Aim of the task ▸ Everything from the line containing "Red V-neck polo" to the end of the listing, both included, should be returned exactly, apart from the pictures.

Data excerpts ▸
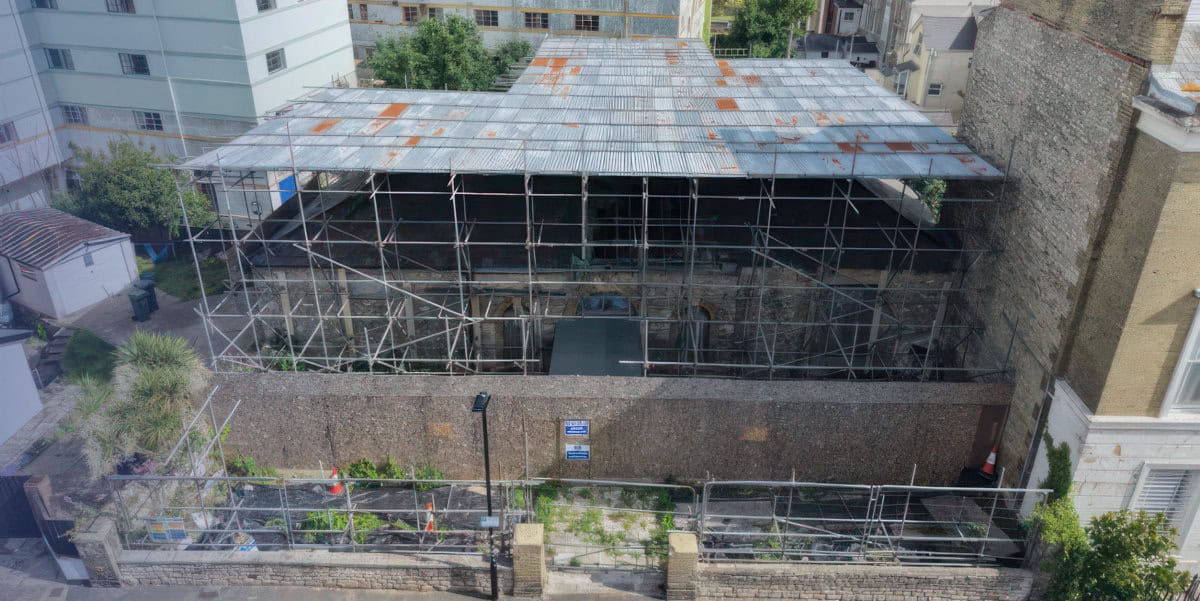 Aerial shot of Vectis Hall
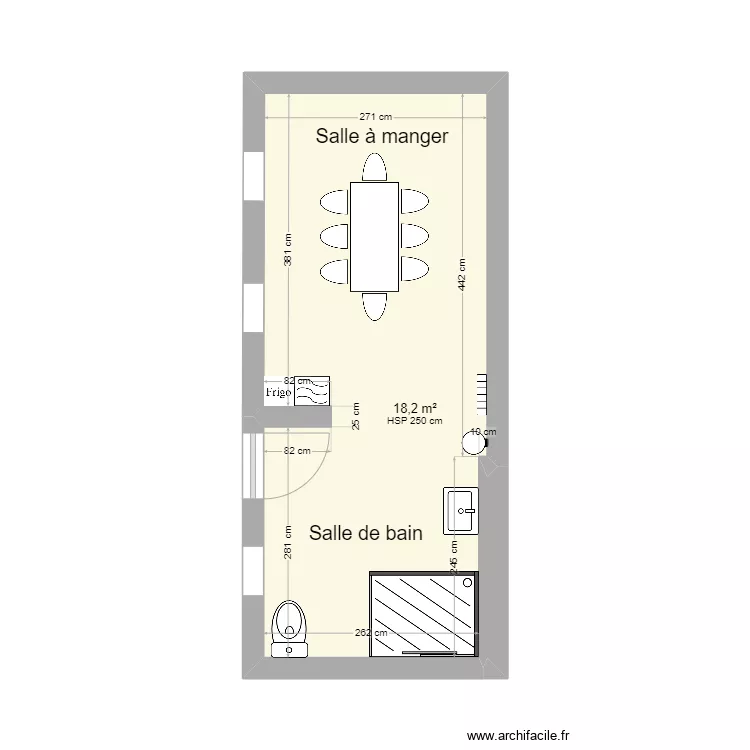 Salle &agrave; manger &agrave; finir. Plan de 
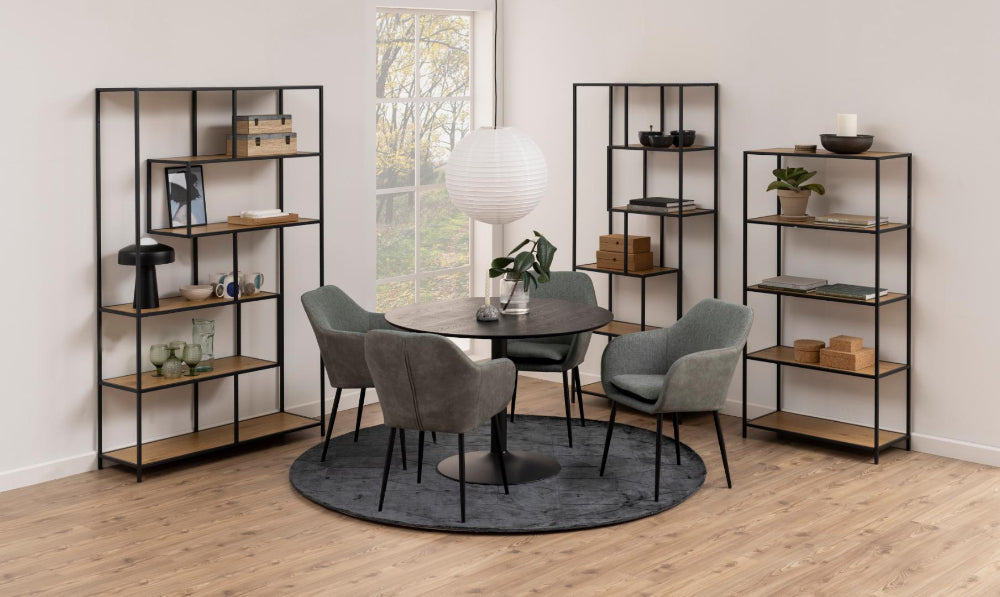 Sierra 5 Shelves Bookcase with Round Table and Armchair in Breakout Setting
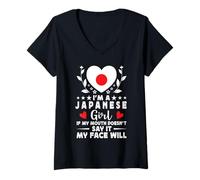 Femme I'm a Japanese Girl Japanese Face Japan Flag T-Shirt avec Col en V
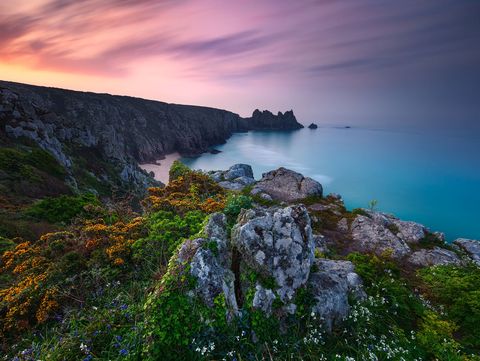 Sunrise at Pednvounder Beach in Cornwall
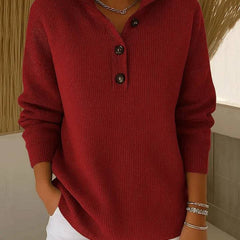Red V-neck polo jumper for women by THE WHITMORE FAMILY, featuring a cozy sweater design with a classic fit.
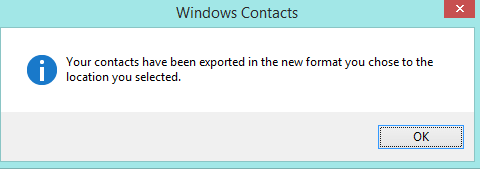 contacts exported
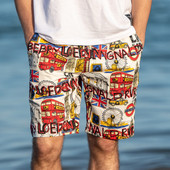 Ежедневни мъжки шорти подходящи за плаж с цветна апликация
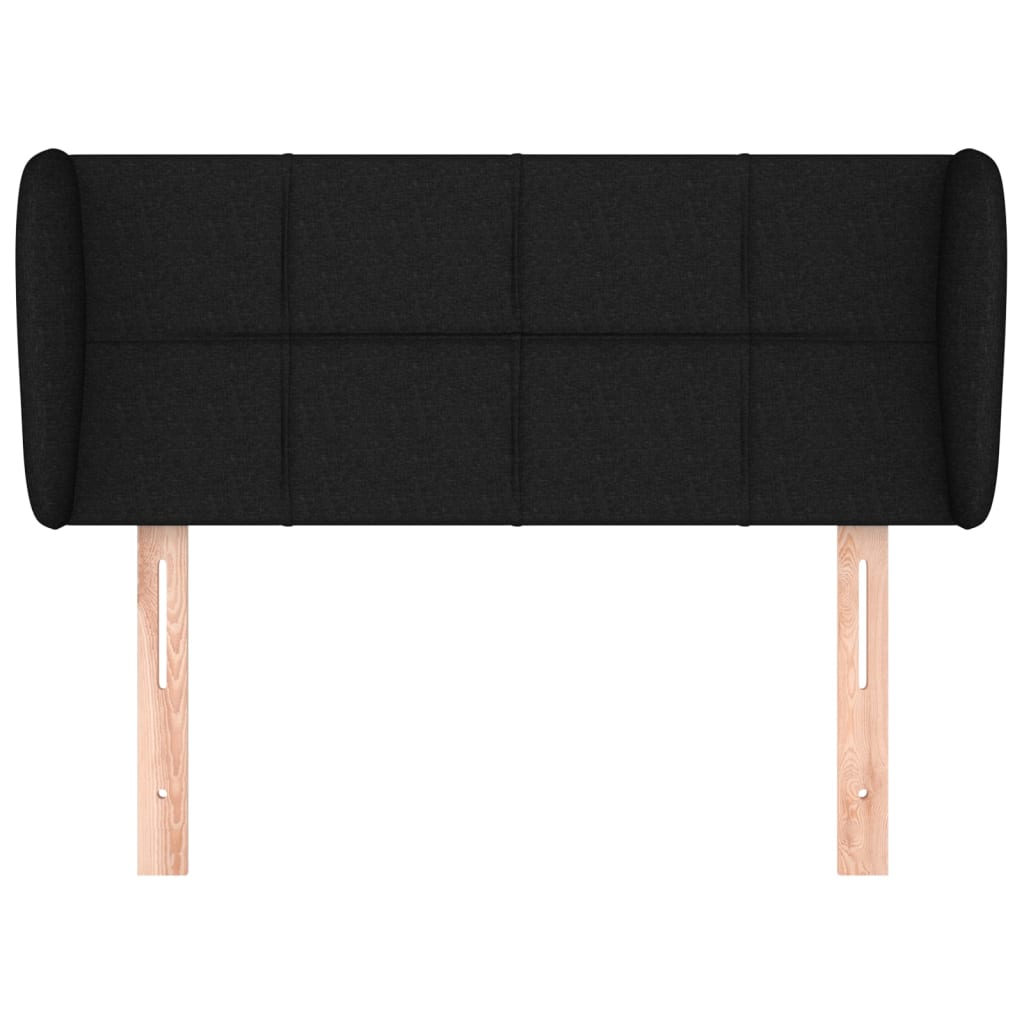 sengegavl med kanter 83x23x78/88 cm stof sort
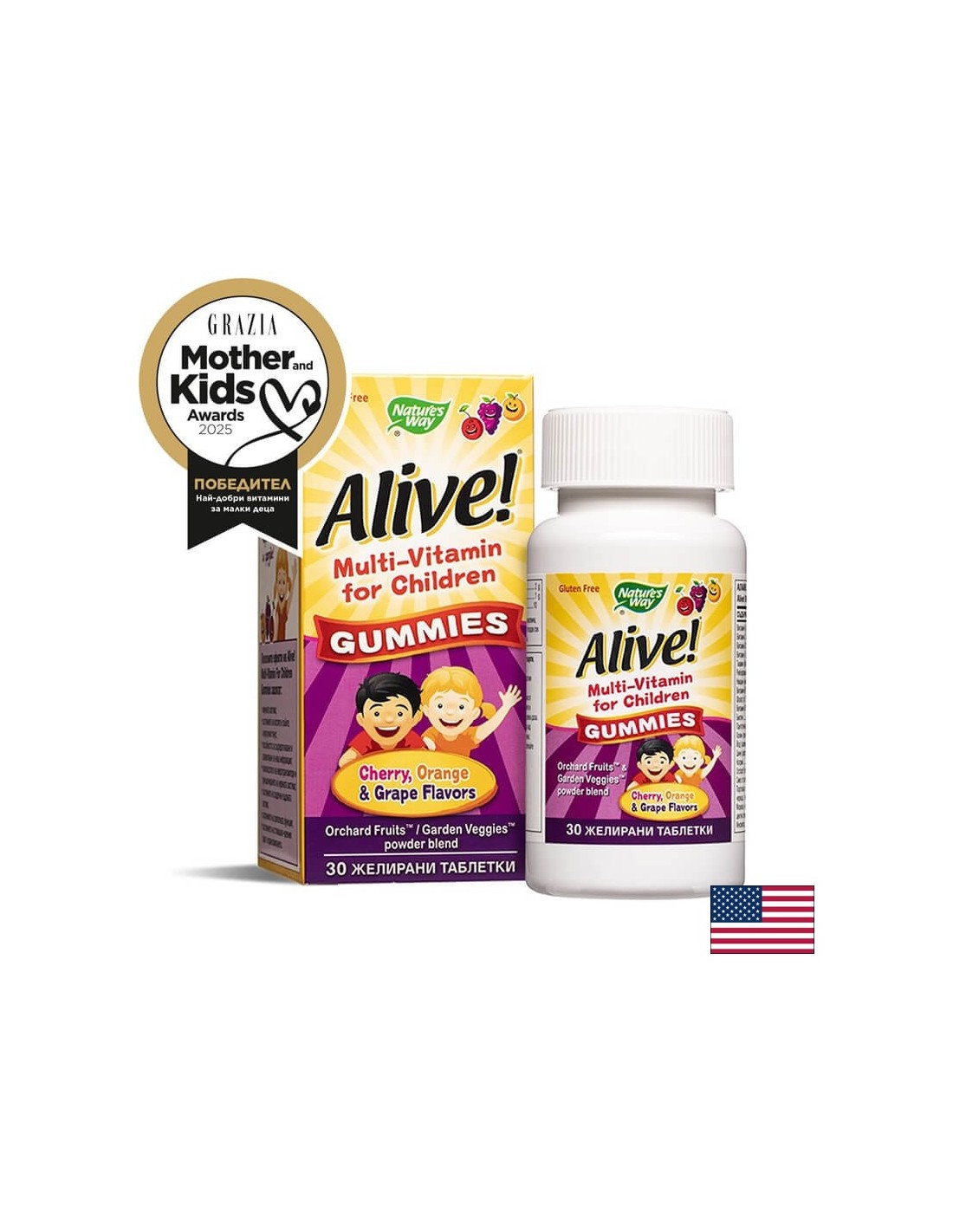 <tc>Alive</tc>! Multivitamin für Kinder Gummies / <tc>Alive</tc>! Multivitamine für Kinder, 30 Geltabletten Nature's Way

Result of the task ▸
Red V-neck polo jumper for women by THE WHITMORE FAMILY, featuring a cozy sweater design with a classic fit.
 contacts exported
 Ежедневни мъжки шорти подходящи за плаж с цветна апликация
 sengegavl med kanter 83x23x78/88 cm stof sort
 <tc>Alive</tc>! Multivitamin für Kinder Gummies / <tc>Alive</tc>! Multivitamine für Kinder, 30 Geltabletten Nature's Way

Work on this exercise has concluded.